Goal of the exercise:
The line with "Funcionarios cortan el" marks the start; please set it down along with all later lines through the end of the material, exactly, leaving out pictures.
BEGIN
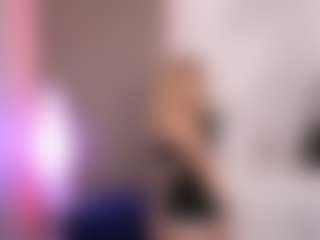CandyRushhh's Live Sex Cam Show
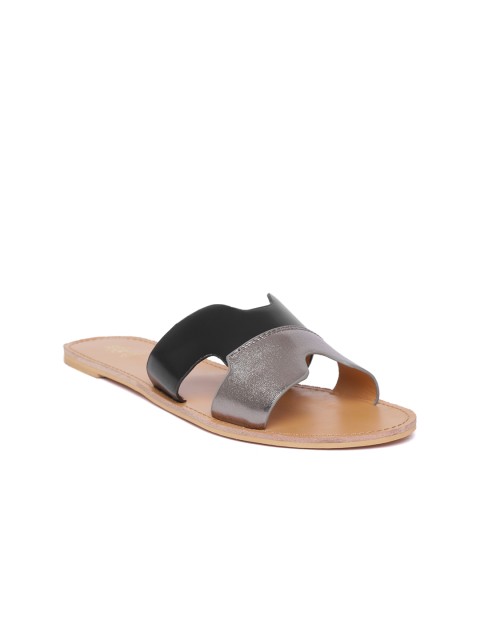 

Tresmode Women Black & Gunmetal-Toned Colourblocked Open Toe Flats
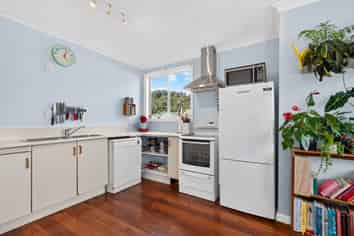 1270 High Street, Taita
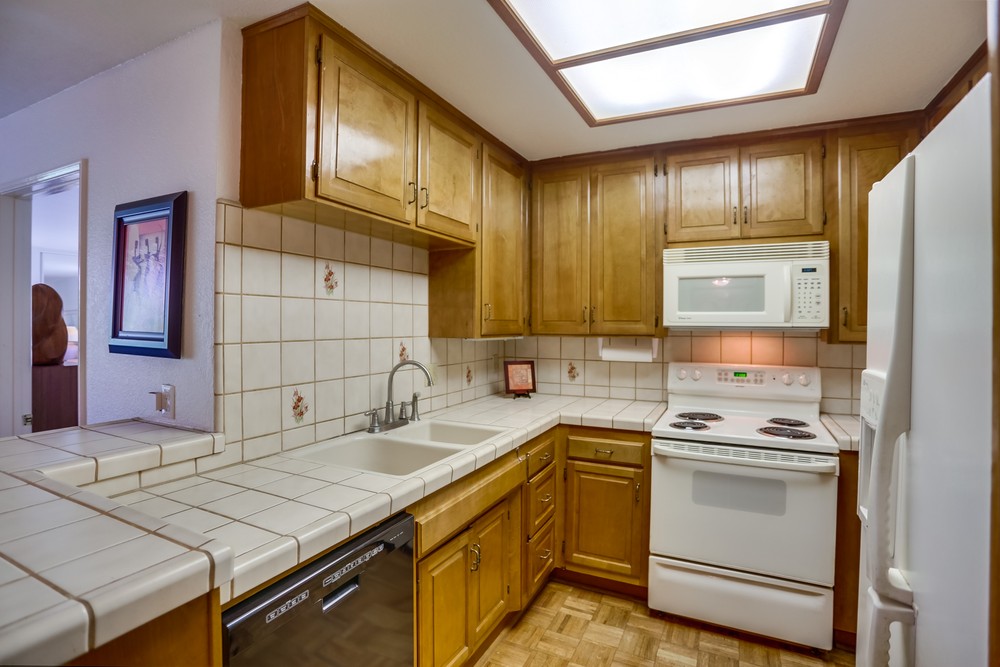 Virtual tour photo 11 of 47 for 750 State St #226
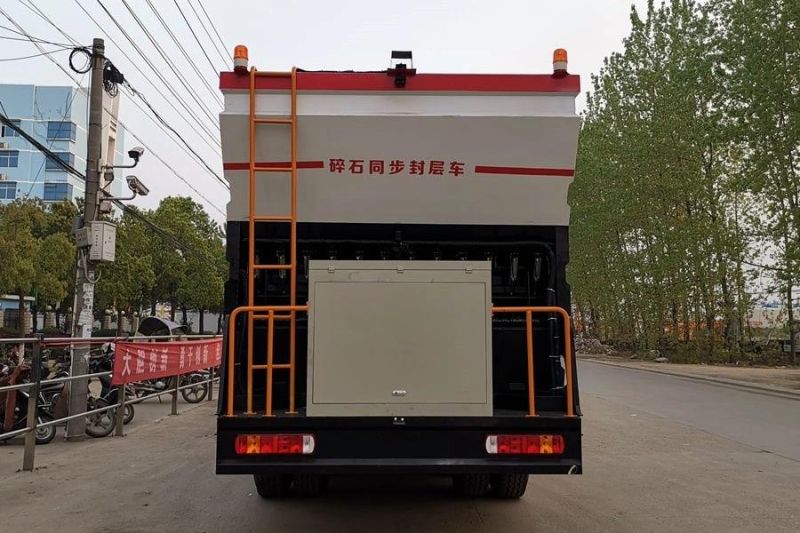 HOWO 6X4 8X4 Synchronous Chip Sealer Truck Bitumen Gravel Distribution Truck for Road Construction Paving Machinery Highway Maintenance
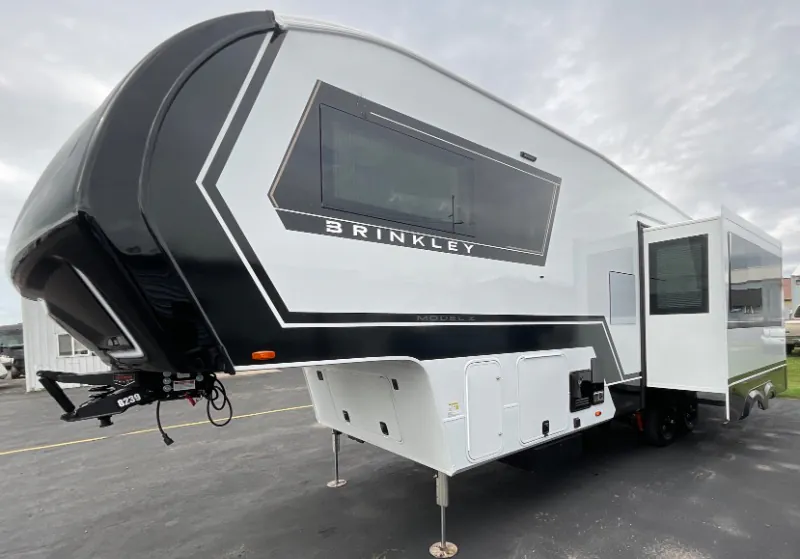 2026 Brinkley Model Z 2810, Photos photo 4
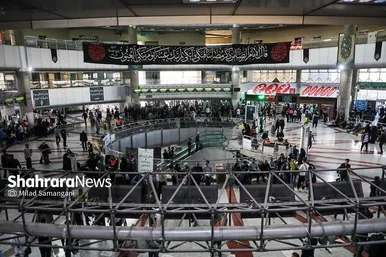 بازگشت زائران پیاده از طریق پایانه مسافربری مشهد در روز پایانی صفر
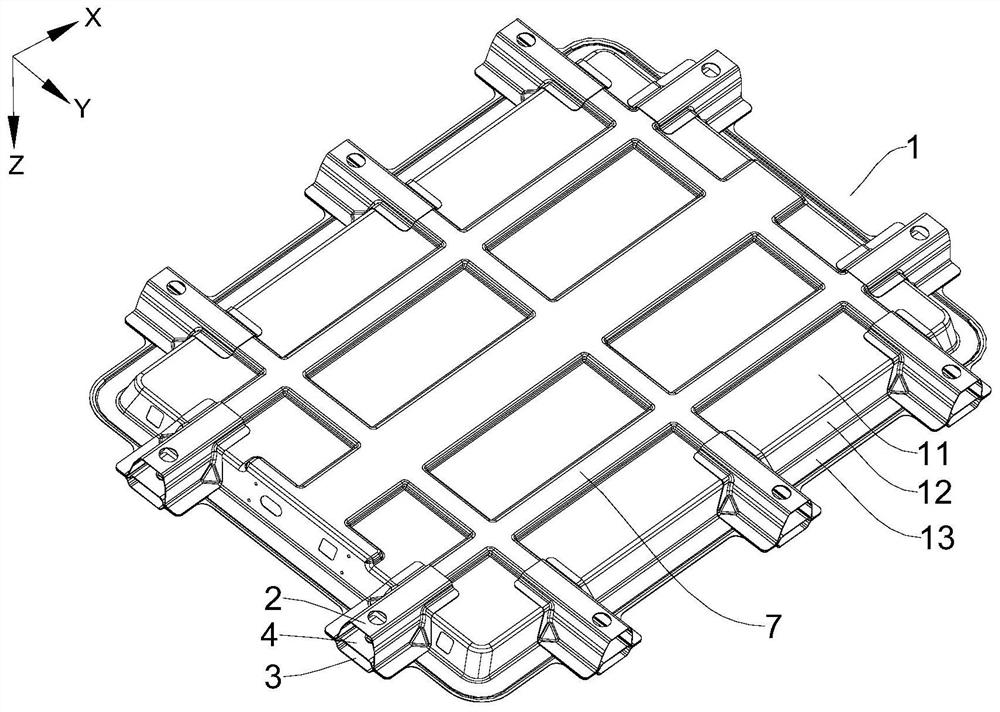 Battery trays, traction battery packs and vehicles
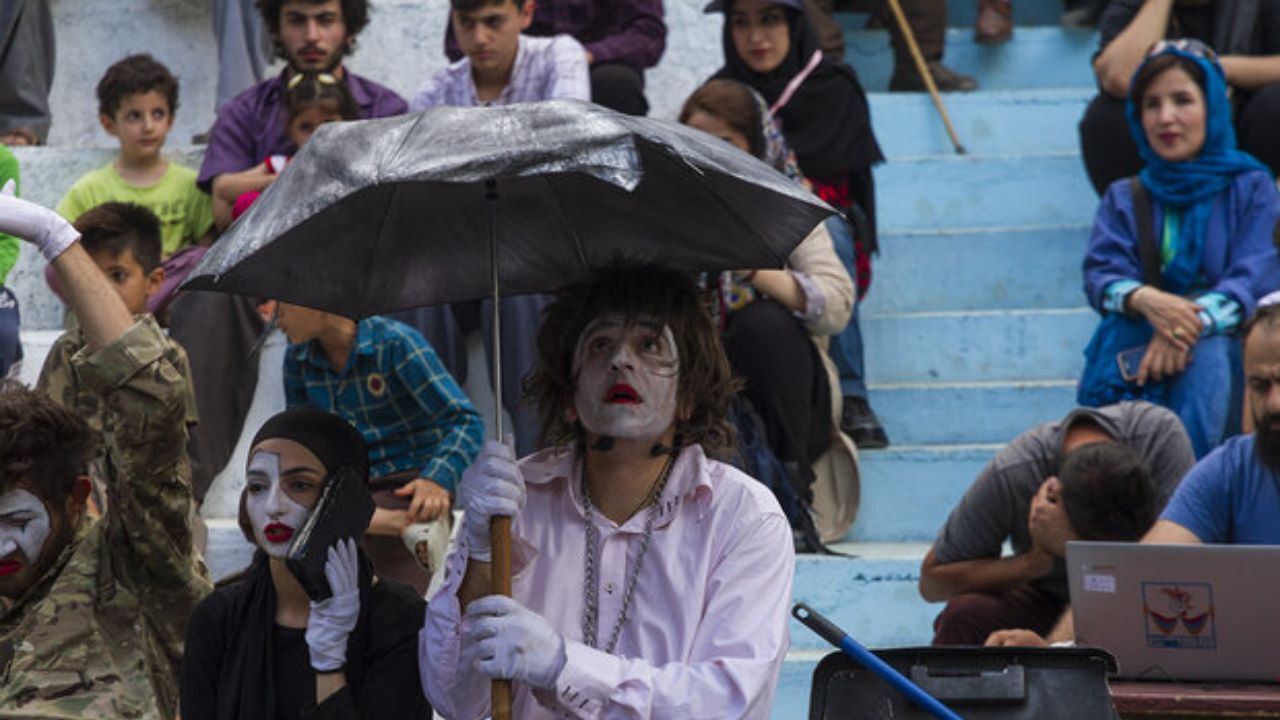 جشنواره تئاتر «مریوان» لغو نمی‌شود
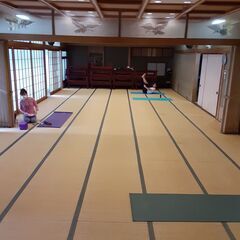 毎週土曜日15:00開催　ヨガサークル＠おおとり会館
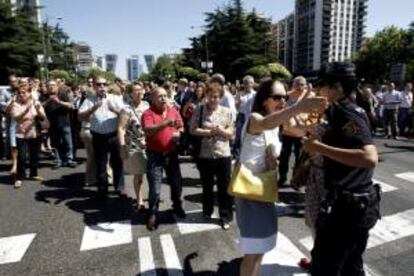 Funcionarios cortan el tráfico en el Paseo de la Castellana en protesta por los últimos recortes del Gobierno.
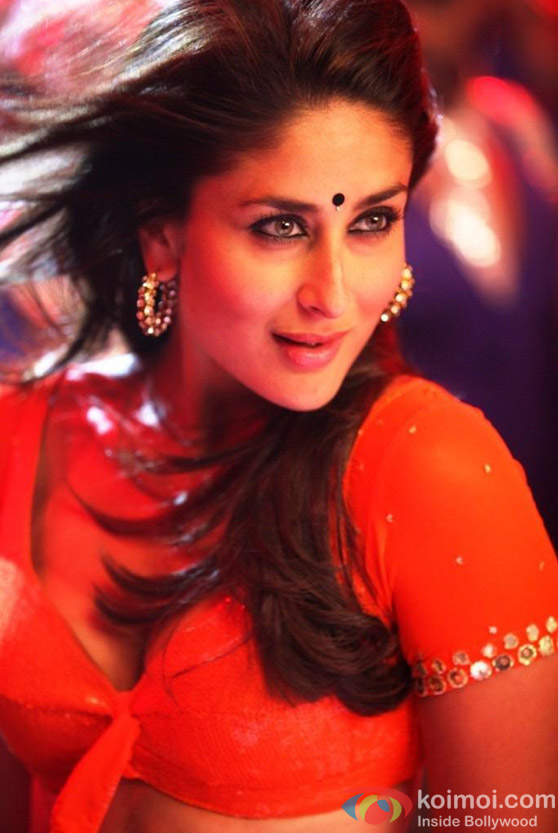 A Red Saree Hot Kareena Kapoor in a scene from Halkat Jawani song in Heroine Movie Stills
END
Answer:
 Funcionarios cortan el tráfico en el Paseo de la Castellana en protesta por los últimos recortes del Gobierno.
 A Red Saree Hot Kareena Kapoor in a scene from Halkat Jawani song in Heroine Movie Stills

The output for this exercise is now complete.